Passion, emotion and heartbreak are common themes for both franchises, which has made their playoff runs particularly enthralling for fans and made it doubly difficult for brokers to get their hands on tickets. The Canucks are seeking their first Stanley Cup since joining the NHL in 1970 while the Bruins, who have watched as the Red Sox, Patriots and Celtics have won a combined six world championships since the turn of the century, are pursuing their first title since 1972.

“I think the thing that makes this one so extraordinary is there’s so little inventory out there, from day one,” Holzman said.

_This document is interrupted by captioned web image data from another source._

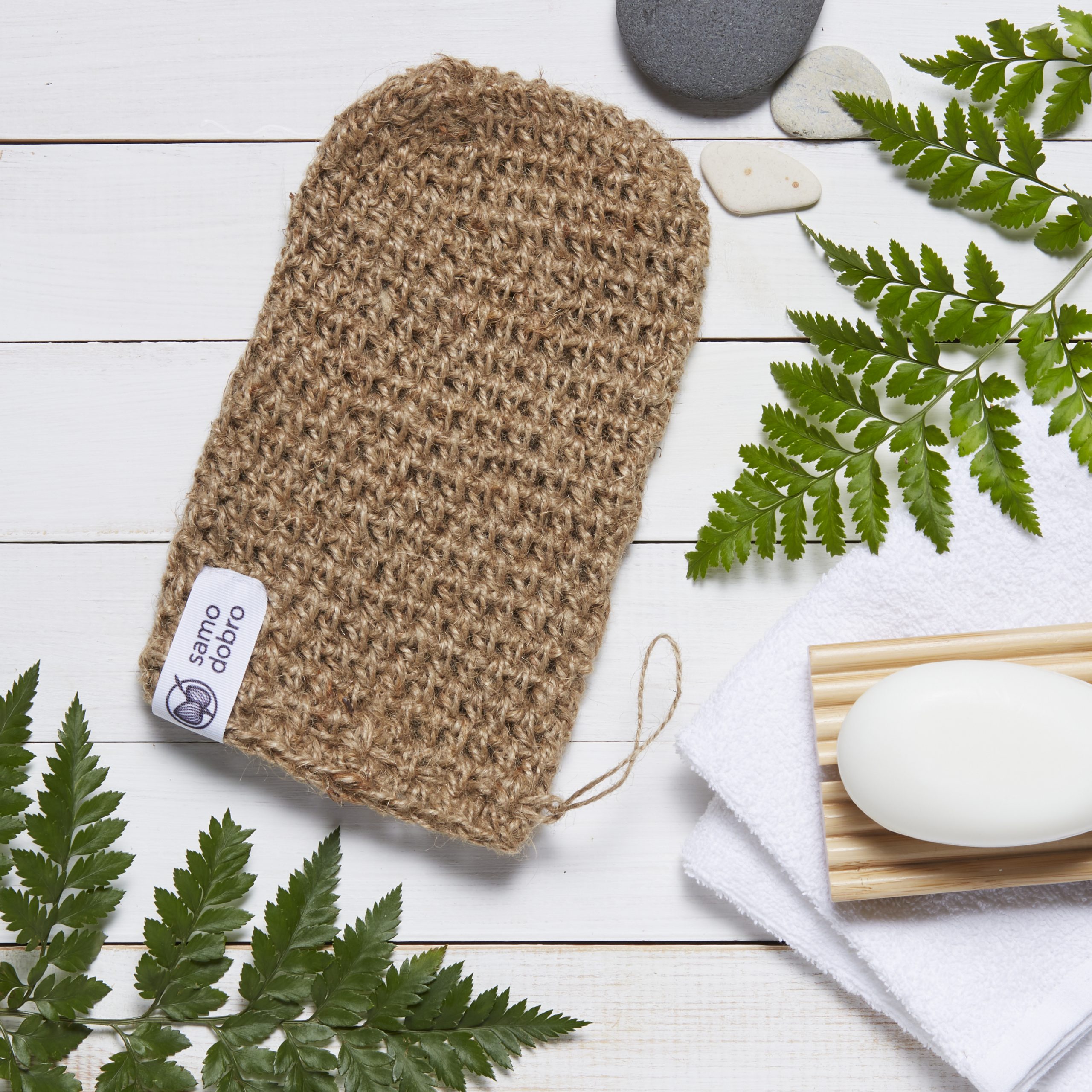 Z czułości dla Twojej skóry: mydło w paście z serii Konopnicka i myjka - obrazek 3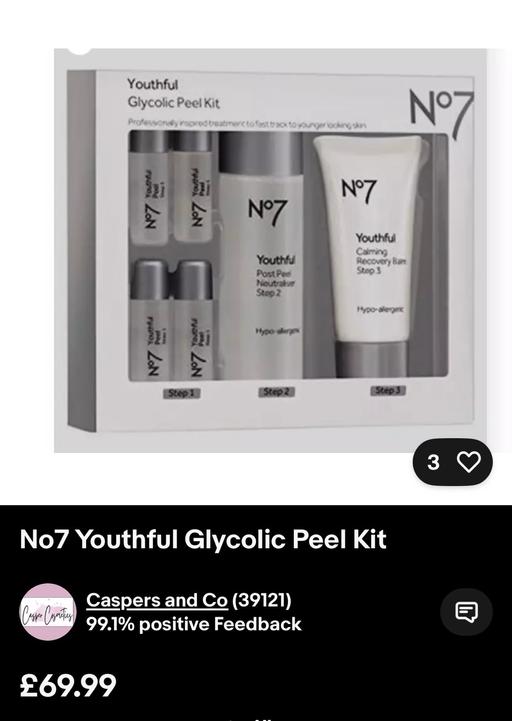 Buy & Sell Saint Mary Cray Bromley - Photos for No 7 Youthful Glycolic Peel Kit,Skin Care Set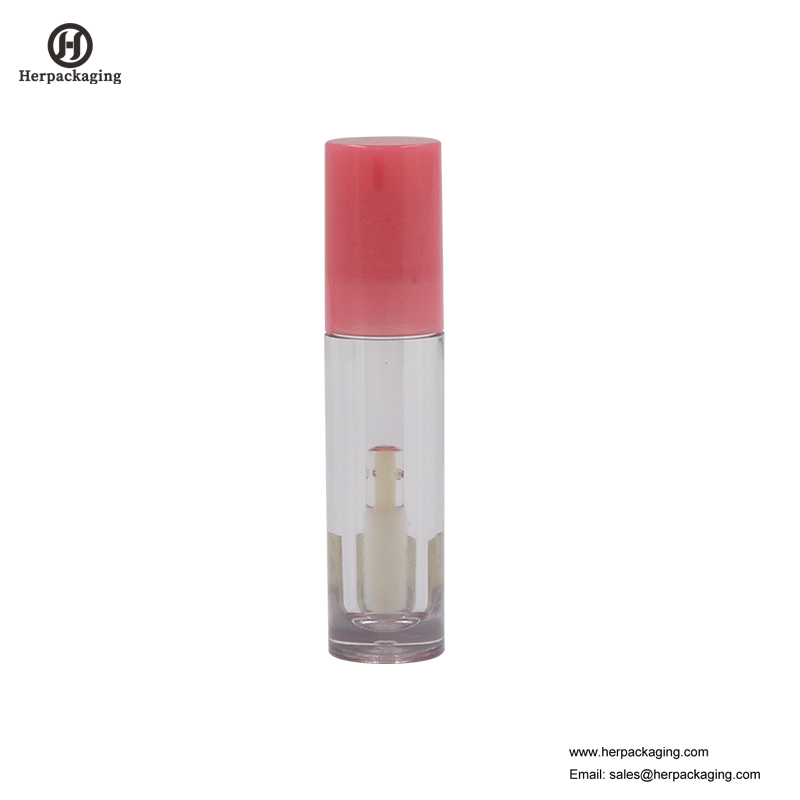 HCL306 명확한 플라스틱 빈 입술 광택 튜브 컬러 화장품에 대 한 몰려 입 립 광택 applicators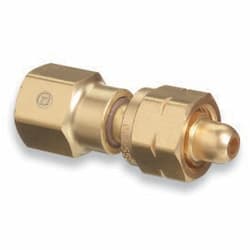 Western CGA-555 Brass Cylinder Adaptor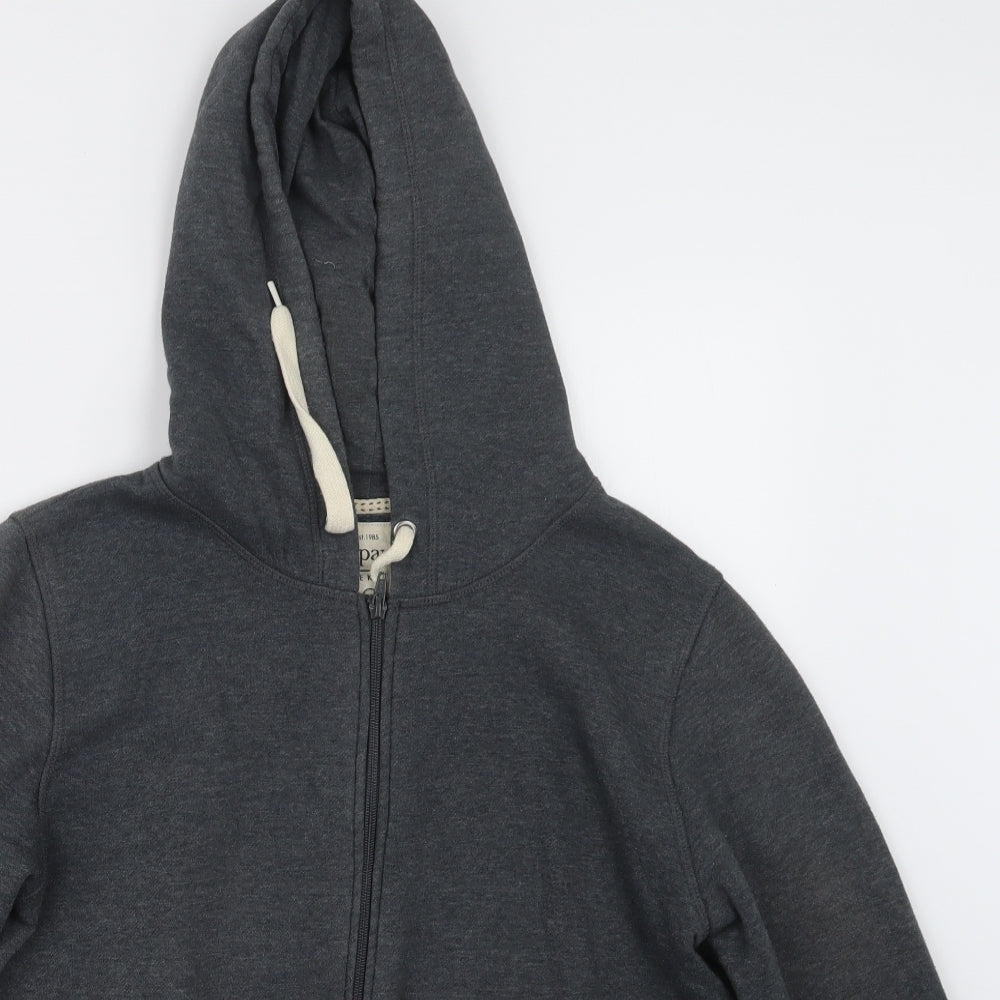 Papaya Womens Grey   Full Zip Hoodie Size 14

The Canucks nearly blew a three games to none lead in the first round of the Western Conference playoffs before edging the Chicago Blackhawks in overtime of Game 7. They then dispatched of the Nashville Predators and San Jose Sharks in six games and five games, respectively. The Bruins sandwiched taut seven-game wins over the Montreal Canadiens and Tampa Bay Lightning around a sweep of the Philadelphia Flyers in the Eastern Conference semifinals.

Overall, counting tonight, the Canucks will have played 14 out of a possible 16 home games while the Bruins played 13 out of 14 possible home games at TD Garden.

The lack of a Game 7 in the NBA Finals — the Dallas Mavericks finished off the Miami Heat in Game 6 Sunday, June 12 — has also played a factor in the high demand and prices for tonight’s tilt. The Stanley Cup satisfying the curiosity factor for those willing to see a Game 7 in any sport is nothing new: This is the sixth Cup Finals to last seven games since 2000, more than both the World Series and NBA Finals (two apiece) combined.

“There’s thrill-seekers just coming in to see the seventh game — it’s do or die, almost two months of battle to get here,” Livich said. “Absolutely, anytime you can get to Game 7 of the Finals and we’re the home team hosting the last game — can’t ask for anything better.”